Stop Me If You’ve Heard This, Dept.

This article talks about a book titled “Systems for Instructional Improvement”   coauthored by the dean of the University of Southern California ed school.  It is described as  “dedicated to improving math instruction in the U.S.”

Why is it that just about every book, article, tweet, and Linked-In polemic that purports to put math education back on track starts from the following assumption:

“For the past 25 years or so, there’s been a growing recognition that students at the middle-school level, in particular, aren’t developing a deep understanding of mathematics,” said Thomas Smith, dean of UC Riverside’s Graduate School of Education. “A big piece of that is because of the way students in the U.S. are taught; current math instruction tends to be highly procedural — as in ‘use these steps to solve these types of problems’ — instead of allowing students to investigate real-life problems and experiment with different types of solution strategies.”

The same catchwords end up in this catechism of edu-wisdom: “Deep understanding of mathematics”.  Just how deep of an understanding of math do you want middle school students to have? Even in freshman calculus courses, students learn a short-cut version of what limits and continuity are in order to get to the powerful applications of same; namely derivatives and integrals and the (yes) procedures for taking derivatives and finding anti-derivatives.
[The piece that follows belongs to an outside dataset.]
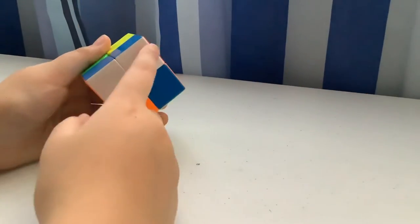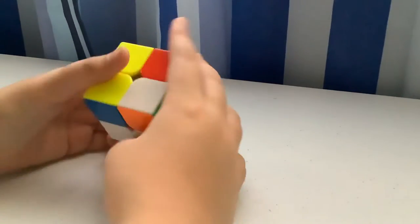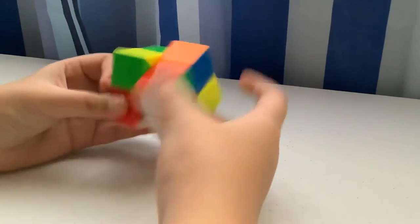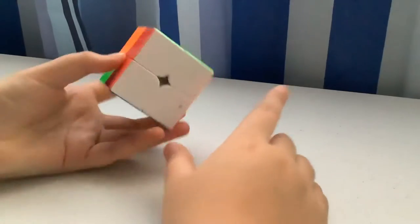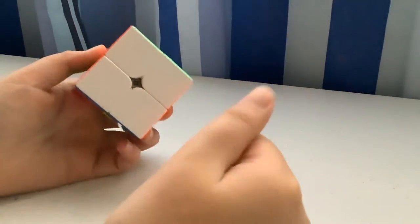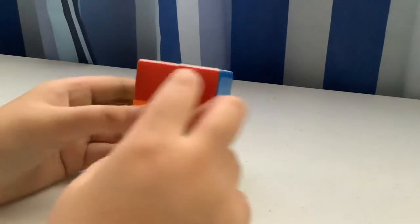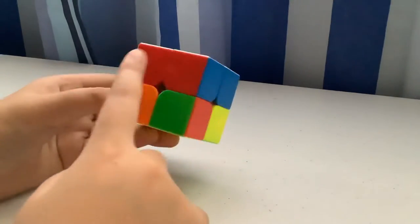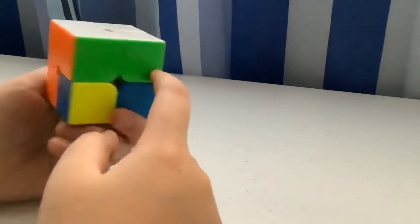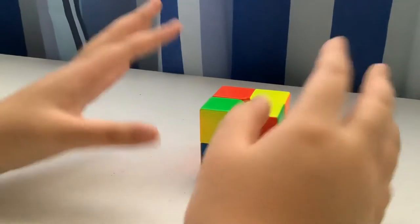In some scrambles there's already a block solved, so you don't have to solve that part. Just match all the colors. When you're done, the white face should be complete with red, blue, and orange all matching their respective sides.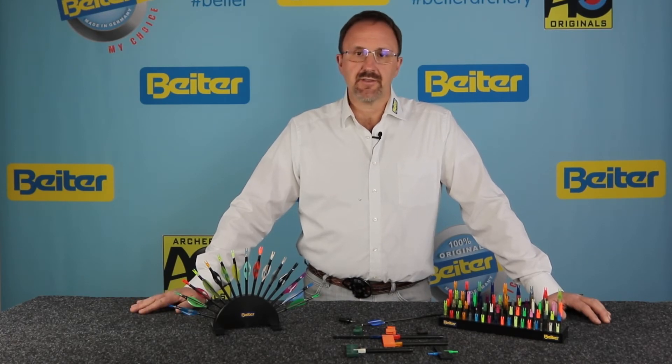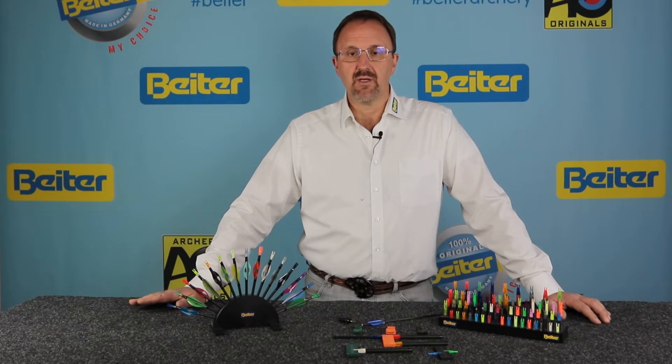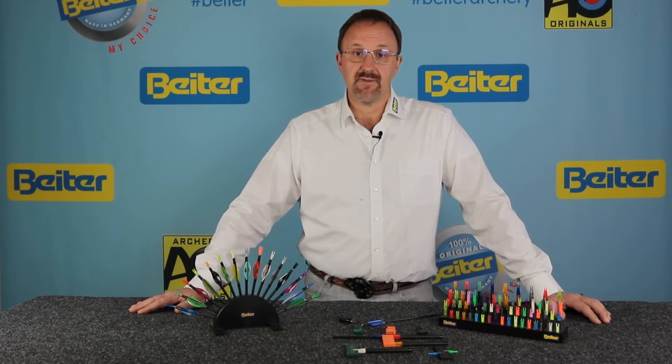Let's talk about the features of the Byter Nock. Each Byter Nock produced comes out of one single individual cavity. So whether you have a Pin 1, a 19-2, or a 12-2 Hunter Nock, every Nock coming out of our machines comes out of a single cavity. That's very important — we produce them one at a time to give you the tightest tolerances and the best quality. All Byter Nocks are made in Germany exclusively.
Students who go further in math will master the delta-epsilon definitions of limits and continuity, and learn about least upper bounds, greatest lower bounds,  limit points, cluster points, open and closed sets and compactness. Such deep understanding of calculus is largely inappropriate at the freshman level–one has to start somewhere in order to go deeper. And so it is the same with middle school math. One starts with procedures and in subsequent math courses, one goes deeper.

And it isn’t as if teachers and textbooks have not provided the conceptual understanding that underlie the procedures that math reformers seem to find so “rote like”. It’s just that students like to know how to do things and as has been stated in various research studies, procedural fluency and understanding often work in tandem. Sometimes conceptual understanding comes first, and sometimes the procedural understanding. But there is a stated resistance to learning the procedure first as if it is handing it to the student and taking the easy way out.  Teachers are made to feel guilty when, seeing that their students are unable to solve the problems assigned, take to breaking down the procedures step by step.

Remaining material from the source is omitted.